So when prepping these examples for Python and users (and anyone else who is interested), I decided to try my hand at solving  Minesweeper with linear equations, as I had never bothered to ask the customer HOW exactly he did that. I guess I figured it was straightforward. Let’s take this little segment which I choose from a must larger problem because it is a legitimate stand-alone problem in itself except for the three bottom squares in the right-most column which we will not be able to determine. So what are the equations? Let’s refer to the elements of the above grid as we would elements of a matrix that size, e.g., A11, A12, etc. And call the NUMBER which is (or should be) in that square #A11, etc. Now first, the unknowns for our problem are the values in the blank, unexploded squares. For example, we want to know how many bombs (aero or one) are at A38.After some thought I realized there are two types:

1.       Each square with a bomb, such as square (2,2), is a simple equation, e.g., #A22=1.0

2.       Each number which is next (by left, right, up, down, or diagonal) to an unknown square also gives us an equation, e.g., from A23 we get

#A22  + #A32 + #A33 = 2

So we have to go create all those equations. Here is my is my matrix file as read by autorej’s read_problem() method (except for the last column which was helpful during building the file but cannot be present in the input file). Also note the comment lines marked with “#”.

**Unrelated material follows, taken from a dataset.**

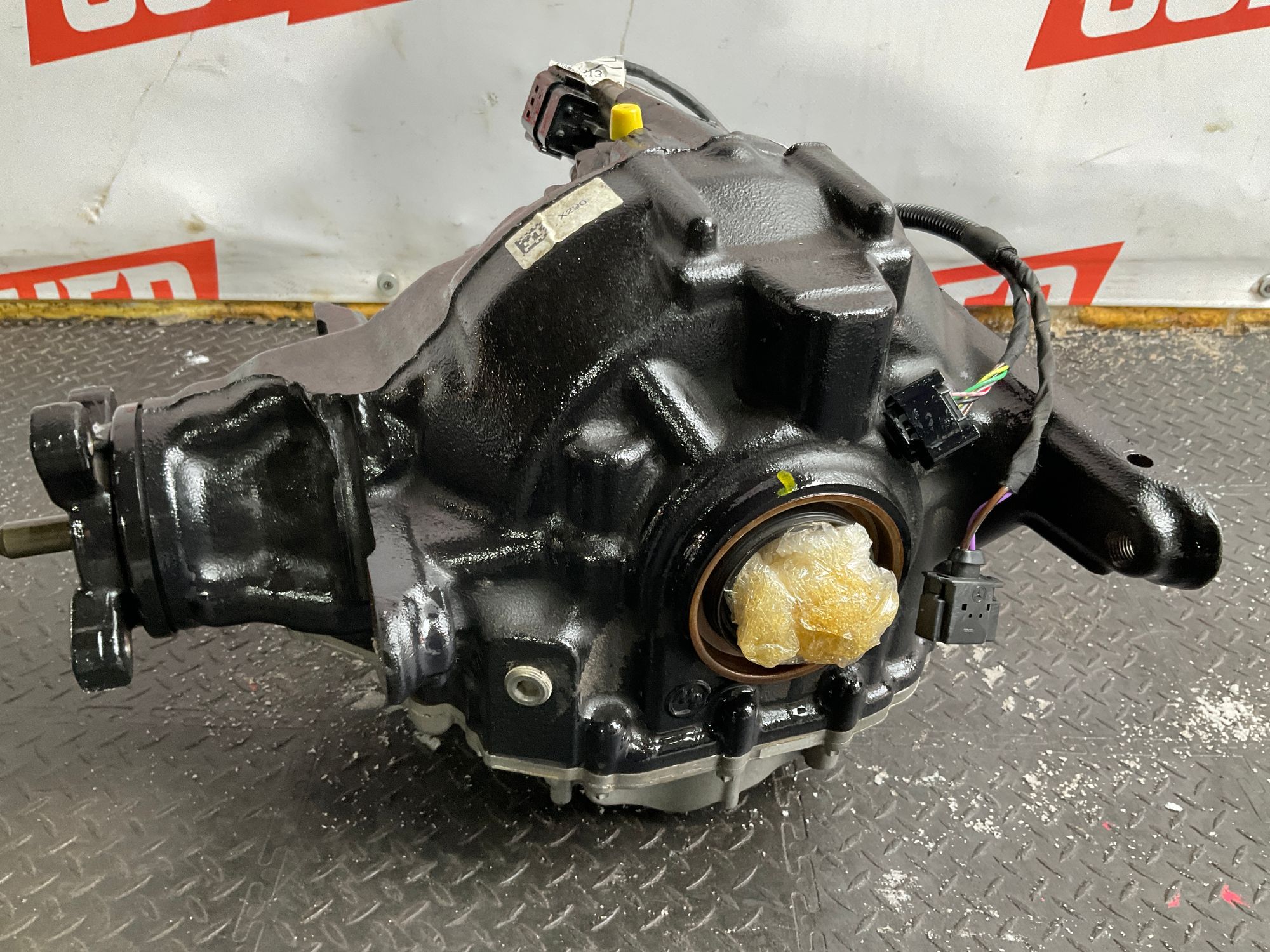 Редуктор заднего моста 3.27 Mercedes-Benz AMG GT, 360000 рублей, Москва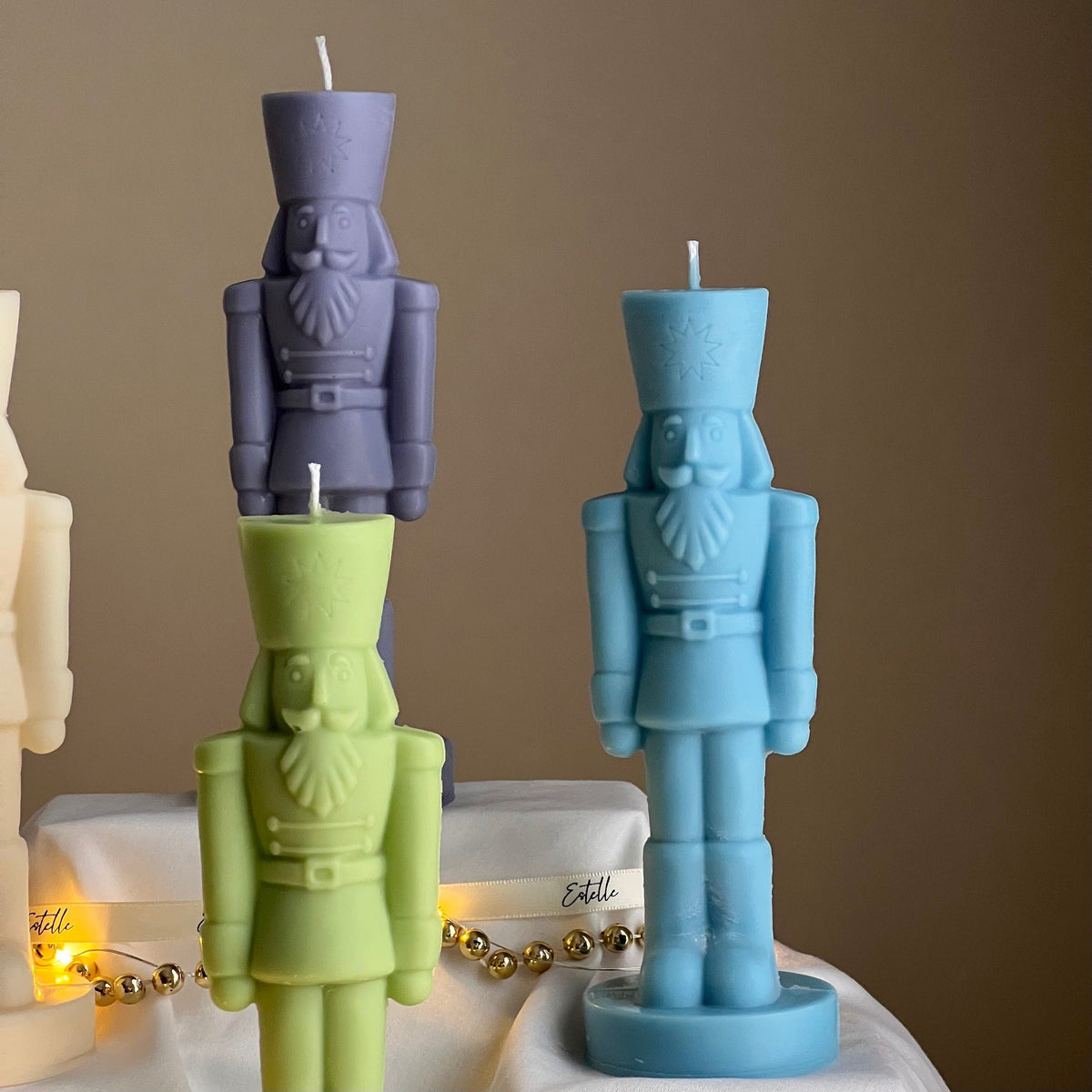 Bougie Casse-Noisette Faite Main : Cadeau Décoratif de Noël Sculptural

Now….. before trying to solve this problem to find the numbers in the blank squares, are at least SOME of them in this first try, we should ask ourselves exactly WHAT we expect to see. Do we have any right to expect to get back ONLY INTEGERS? Actually, we would like that, but we have not inserted any constraints into the problem that would even encourage that, much less require it. The calculation process will begin by computing the Singular Value Decomposition of our matrix. Here are the singular values for this matrix:

[3.66882986e+00    3.29958015e+00    2.74052834e+00    2.44205520e+00

2.33557658e+00    1.85017432e+00    1.51369996e+00    1.28268753e+00

1.15207922e+00    9.33783720e-01    6.28601369e-01    5.72988469e-01

4.98618121e-01    4.38608280e-01    2.59847585e-16    1.82895960e-16

1.16177952e-16    3.02411221e-17    1.69841264e-33    0.00000000e+00]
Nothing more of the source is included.